The incident “shows that Xi Jinping is enacting policies that he thinks will benefit China and its marginalized groups, but in fact, these policies are impacting those groups the most,” Nee said.
“Migrant workers have had a very difficult time with the zero-Covid policies, and that’s why so many people are trying to return to their hometowns. They have no mechanism for expressing their collective grievances and there is no ability to protest safely. It can be very difficult for marginalized groups under Xi,” he added.
China’s authoritarian capitalism
Yaqiu Wang, senior China researcher at Human Rights Watch (HRW), said that the Chinese government’s control of information also contributed to the exodus of Foxconn workers from the factory.

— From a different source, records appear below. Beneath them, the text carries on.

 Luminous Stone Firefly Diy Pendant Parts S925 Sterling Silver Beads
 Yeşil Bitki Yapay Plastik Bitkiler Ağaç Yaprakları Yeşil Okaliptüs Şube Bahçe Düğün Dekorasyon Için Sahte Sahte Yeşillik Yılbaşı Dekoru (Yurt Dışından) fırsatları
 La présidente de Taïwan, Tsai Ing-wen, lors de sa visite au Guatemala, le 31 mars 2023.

“Chinese authorities’ strict control of information creates the false impression among the workers that if they were infected with coronavirus, the consequences would be severe, and that thought plants a sense of fear in many of their minds,” Wang said.
“Since the goal for the factory is to make money, the management doesn’t care about workers’ access to medical care or access to food. On the one hand, they want to make money and on the other, they must comply with the government’s pandemic control measures. That makes the workers the ultimate victim,” she told DW.

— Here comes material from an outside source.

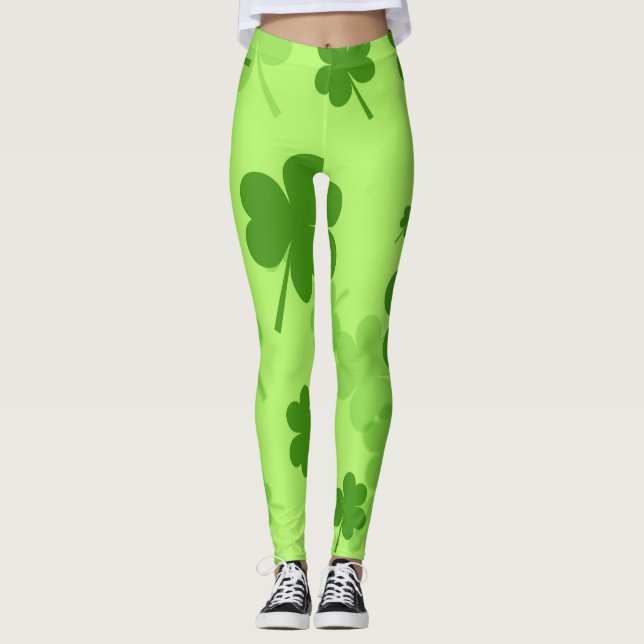 Women's Leggings-St. Patrick's Day Leggings (Front)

Teng Biao, a Chinese legal scholar based in the US, said the Chinese government’s ongoing imposition of the zero-Covid strategy has affected almost everyone in the country, especially those relying on gig work to earn a living.
“Some people have lost their income and source of livelihood and have no money to buy enough food to sustain themselves, while many others have been put under mandatory isolation,” he told DW.
“For a large enterprise like Foxconn, they have to choose between economic interests and the basic rights of its employees,” he added.
“In China’s political and business environment, they most likely will have to prioritize sacrificing the interests of their employees. When the interests and benefits of a company are in conflict with the authorities’ political demands, companies have very little freedom to choose,” he said.